Section 1B1.13(b) of the Policy Statement is titled “EXTRAORDINARY AND COMPELLING REASONS.” It identifies multiple circumstances that, individually or in combination, may provide “extraordinary and compelling reasons” for a reduction in sentence. See § 1B1.13(b)(1)-(6). These include certain medical circumstances of the defendant, such as a terminal illness, “serious cognitive impairment,” a medical condition that requires “specialized medical care that is not being provided and without which the defendant is at risk of serious deterioration in health or death”; or the defendant is at imminent risk of being affected by “an ongoing outbreak of infectious disease” or “an ongoing public health emergency ....”, § 1B1.13(b)(1)(A), (B), (C), (D); the defendant's age, along with other factors, § 1B1.13(b)(2); the defendant's family circumstances, § 1B1.13(b)(3)(A), (B), (C), (D); the fact that the defendant, while in custody, was the victim of sexual or physical abuse committed by, or at the direction, of a correctional officer, § 1B1.13(b)(4)(A), (B); for a defendant who received an “unusually long sentence” and has served at least 10 years of the sentence, a non-retroactive change in the law that “produce[s] a gross disparity” in relation to “the sentence likely to be imposed at the time the motion is filed ....”, § 1B1.13(b)(6); and “any other circumstance or combination of circumstances . . . similar in gravity to” the circumstances “described in paragraphs (1) through (4).” § 1B1.13(b)(5).

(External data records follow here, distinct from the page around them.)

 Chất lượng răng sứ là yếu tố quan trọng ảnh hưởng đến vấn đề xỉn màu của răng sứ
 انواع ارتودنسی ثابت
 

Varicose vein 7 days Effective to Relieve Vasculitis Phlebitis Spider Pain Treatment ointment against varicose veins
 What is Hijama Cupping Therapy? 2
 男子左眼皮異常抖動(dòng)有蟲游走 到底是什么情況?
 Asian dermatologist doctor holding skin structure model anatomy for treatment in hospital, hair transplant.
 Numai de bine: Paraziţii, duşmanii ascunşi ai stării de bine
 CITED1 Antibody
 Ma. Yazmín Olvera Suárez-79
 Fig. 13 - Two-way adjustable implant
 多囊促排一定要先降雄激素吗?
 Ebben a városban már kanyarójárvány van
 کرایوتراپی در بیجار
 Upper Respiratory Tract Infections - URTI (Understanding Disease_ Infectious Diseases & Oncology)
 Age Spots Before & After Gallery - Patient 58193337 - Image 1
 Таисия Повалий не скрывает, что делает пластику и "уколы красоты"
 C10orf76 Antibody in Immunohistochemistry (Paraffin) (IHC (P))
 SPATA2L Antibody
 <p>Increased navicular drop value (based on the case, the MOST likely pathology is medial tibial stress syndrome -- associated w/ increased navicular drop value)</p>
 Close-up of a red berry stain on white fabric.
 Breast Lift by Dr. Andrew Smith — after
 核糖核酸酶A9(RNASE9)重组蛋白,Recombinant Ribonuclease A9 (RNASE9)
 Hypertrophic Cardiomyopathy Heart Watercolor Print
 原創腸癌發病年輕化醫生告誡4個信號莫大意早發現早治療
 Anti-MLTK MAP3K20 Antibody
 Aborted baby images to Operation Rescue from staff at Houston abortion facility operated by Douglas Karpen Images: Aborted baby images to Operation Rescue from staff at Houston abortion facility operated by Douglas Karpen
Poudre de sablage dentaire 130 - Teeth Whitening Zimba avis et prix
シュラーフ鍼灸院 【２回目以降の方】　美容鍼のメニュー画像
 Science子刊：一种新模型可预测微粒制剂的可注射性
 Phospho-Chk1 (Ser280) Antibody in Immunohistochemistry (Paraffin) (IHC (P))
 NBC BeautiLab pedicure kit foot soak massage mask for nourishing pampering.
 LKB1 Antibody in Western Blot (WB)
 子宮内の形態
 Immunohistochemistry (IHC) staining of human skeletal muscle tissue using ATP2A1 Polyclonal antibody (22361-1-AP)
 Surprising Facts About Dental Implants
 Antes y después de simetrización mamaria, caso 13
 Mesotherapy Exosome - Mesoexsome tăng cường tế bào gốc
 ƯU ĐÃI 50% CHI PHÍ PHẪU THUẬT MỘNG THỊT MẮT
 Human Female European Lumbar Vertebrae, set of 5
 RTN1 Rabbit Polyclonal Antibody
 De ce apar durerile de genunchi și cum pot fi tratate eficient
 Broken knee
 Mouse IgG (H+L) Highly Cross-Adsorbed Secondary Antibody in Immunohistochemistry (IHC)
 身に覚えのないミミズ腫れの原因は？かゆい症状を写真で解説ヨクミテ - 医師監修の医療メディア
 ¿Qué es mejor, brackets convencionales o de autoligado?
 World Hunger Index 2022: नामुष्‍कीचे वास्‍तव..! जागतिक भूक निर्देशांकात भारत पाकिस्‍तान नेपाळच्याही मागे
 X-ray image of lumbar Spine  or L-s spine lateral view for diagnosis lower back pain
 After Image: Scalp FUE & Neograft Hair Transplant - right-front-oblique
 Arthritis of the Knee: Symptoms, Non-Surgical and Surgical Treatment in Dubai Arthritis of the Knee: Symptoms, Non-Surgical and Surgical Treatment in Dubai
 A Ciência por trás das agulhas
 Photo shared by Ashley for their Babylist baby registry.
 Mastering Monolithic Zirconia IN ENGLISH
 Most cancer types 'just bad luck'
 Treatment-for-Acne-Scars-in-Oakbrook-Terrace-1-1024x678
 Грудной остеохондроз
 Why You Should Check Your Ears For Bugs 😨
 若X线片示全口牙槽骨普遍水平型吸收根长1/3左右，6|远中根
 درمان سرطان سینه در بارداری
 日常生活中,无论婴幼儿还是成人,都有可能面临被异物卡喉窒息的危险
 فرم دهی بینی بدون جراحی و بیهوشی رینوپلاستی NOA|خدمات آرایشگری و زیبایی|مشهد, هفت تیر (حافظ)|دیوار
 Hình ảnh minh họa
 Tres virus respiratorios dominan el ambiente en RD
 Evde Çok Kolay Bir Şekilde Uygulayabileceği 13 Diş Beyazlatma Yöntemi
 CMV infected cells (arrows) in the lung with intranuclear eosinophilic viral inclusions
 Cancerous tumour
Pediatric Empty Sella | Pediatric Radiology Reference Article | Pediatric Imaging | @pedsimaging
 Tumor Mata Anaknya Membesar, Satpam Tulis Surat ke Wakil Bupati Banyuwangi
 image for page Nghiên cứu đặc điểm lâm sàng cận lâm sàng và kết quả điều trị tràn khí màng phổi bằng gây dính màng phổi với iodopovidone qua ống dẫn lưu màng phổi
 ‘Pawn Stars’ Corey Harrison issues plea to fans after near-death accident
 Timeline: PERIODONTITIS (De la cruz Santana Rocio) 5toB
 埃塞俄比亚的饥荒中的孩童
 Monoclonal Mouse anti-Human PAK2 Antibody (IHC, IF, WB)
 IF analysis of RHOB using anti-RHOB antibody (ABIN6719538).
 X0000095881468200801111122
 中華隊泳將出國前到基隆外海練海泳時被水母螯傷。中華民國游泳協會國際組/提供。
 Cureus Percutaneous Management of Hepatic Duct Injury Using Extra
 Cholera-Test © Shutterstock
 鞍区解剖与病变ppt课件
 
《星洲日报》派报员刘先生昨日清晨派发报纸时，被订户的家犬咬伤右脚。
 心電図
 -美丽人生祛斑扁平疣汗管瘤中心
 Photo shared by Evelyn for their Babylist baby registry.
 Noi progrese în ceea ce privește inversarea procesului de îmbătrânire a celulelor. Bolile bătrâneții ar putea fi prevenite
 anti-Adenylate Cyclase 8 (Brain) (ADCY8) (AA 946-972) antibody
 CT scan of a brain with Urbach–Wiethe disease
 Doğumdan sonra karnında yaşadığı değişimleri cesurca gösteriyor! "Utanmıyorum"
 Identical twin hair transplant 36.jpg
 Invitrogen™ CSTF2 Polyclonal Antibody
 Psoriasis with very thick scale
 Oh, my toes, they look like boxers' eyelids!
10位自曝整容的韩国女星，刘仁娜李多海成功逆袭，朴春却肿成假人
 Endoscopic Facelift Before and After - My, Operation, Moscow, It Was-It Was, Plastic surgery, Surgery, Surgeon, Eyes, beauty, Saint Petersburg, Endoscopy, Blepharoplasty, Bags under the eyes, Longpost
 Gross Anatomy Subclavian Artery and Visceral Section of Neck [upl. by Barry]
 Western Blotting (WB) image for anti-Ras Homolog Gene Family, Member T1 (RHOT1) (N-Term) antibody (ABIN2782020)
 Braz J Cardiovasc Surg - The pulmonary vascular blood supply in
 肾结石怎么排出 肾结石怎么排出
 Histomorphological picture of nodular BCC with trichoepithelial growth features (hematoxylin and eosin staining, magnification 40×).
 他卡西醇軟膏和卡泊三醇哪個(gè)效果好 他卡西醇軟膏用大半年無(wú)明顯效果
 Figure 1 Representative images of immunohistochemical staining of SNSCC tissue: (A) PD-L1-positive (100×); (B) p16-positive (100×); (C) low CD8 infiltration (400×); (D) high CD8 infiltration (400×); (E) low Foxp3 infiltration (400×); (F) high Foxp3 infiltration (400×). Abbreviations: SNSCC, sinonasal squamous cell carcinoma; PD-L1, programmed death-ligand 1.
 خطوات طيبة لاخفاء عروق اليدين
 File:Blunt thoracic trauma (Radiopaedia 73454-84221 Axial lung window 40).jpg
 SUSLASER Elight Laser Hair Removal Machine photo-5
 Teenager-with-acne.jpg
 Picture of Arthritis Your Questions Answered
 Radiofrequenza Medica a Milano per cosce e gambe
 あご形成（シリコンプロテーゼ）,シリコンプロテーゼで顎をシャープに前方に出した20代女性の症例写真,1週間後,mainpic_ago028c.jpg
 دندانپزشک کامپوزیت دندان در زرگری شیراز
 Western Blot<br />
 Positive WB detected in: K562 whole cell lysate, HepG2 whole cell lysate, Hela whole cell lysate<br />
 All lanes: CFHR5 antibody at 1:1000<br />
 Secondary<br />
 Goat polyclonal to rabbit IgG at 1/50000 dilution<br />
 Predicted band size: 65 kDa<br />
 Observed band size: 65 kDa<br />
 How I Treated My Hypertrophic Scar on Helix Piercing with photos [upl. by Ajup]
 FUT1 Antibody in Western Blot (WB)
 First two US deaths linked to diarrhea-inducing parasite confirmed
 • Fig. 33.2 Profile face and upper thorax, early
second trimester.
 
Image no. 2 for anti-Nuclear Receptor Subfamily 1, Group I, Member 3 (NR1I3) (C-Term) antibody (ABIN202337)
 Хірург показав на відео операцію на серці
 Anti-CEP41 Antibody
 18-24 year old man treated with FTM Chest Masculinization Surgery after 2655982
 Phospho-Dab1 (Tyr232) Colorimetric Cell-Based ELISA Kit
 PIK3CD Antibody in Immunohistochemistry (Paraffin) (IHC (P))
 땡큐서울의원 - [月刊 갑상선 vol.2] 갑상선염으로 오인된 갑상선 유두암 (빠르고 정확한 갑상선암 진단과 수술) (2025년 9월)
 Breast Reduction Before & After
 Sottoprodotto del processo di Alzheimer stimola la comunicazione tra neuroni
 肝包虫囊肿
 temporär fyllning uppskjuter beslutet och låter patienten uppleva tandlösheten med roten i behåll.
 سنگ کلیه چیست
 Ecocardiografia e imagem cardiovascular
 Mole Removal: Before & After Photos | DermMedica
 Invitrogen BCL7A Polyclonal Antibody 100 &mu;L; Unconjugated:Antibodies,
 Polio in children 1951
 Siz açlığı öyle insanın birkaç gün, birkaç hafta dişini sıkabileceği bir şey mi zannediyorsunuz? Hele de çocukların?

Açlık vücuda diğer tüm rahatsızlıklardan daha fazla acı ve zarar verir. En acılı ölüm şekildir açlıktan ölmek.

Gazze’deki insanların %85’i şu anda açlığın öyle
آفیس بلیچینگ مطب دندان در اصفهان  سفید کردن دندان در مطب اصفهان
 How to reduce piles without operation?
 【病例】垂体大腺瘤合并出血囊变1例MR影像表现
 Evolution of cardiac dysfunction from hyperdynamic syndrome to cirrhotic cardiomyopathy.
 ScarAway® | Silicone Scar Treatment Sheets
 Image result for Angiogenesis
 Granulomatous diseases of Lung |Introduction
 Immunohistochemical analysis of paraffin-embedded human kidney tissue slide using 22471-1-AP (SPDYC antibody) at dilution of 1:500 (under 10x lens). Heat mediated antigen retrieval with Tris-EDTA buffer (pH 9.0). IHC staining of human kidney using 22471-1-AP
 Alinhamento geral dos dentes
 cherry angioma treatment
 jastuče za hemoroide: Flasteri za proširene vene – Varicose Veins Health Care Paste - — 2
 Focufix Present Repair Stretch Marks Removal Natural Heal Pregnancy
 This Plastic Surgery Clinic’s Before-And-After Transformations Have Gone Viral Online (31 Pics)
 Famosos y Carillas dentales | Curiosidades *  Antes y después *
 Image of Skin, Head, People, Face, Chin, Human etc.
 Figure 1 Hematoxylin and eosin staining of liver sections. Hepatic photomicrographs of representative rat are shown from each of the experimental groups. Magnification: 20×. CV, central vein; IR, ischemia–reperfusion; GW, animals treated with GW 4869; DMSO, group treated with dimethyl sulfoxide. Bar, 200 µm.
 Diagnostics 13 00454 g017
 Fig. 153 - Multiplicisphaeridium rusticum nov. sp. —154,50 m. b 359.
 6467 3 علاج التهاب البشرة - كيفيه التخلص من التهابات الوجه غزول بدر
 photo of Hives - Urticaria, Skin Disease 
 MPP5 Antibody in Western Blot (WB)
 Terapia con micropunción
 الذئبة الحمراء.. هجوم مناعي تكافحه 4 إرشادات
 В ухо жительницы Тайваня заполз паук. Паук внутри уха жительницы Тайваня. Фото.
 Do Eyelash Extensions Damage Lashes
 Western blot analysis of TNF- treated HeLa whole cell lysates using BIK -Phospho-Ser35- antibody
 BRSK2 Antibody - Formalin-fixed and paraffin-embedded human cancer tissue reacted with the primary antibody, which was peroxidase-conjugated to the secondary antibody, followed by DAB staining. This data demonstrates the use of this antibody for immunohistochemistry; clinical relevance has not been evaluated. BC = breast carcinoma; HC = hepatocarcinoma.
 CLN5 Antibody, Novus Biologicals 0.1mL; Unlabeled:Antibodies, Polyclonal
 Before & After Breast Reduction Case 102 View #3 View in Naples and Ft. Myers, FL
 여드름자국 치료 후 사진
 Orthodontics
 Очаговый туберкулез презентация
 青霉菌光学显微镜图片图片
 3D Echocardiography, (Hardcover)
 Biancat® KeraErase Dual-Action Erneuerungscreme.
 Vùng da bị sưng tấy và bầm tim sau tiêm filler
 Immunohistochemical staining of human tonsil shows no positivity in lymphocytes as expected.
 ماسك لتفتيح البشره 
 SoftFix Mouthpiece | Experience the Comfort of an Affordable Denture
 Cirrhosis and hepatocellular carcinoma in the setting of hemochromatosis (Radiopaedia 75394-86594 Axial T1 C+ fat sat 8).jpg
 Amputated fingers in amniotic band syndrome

Section 1B1.13(c) of the Policy Statement is titled “LIMITATION ON CHANGES IN LAW.” It specifies that, “[e]xcept as provided in subsection (b)(6),” which concerns an “unusually long sentence,” “a change in the law (including an amendment to the Guidelines Manual that has not been made retroactive) shall not be considered for purposes of determining whether an extraordinary and compelling reason exists under this policy statement.” U.S.S.G. § 1B1.13(c). “However, if a defendant otherwise establishes that extraordinary and compelling reasons warrant a sentence reduction under [the Policy Statement], a change in the law (including an amendment to the Guidelines Manual that has not been made retroactive) may be considered for purposes of determining the extent of any such reduction.” Id.; see Davis, 99 F.4th at 654.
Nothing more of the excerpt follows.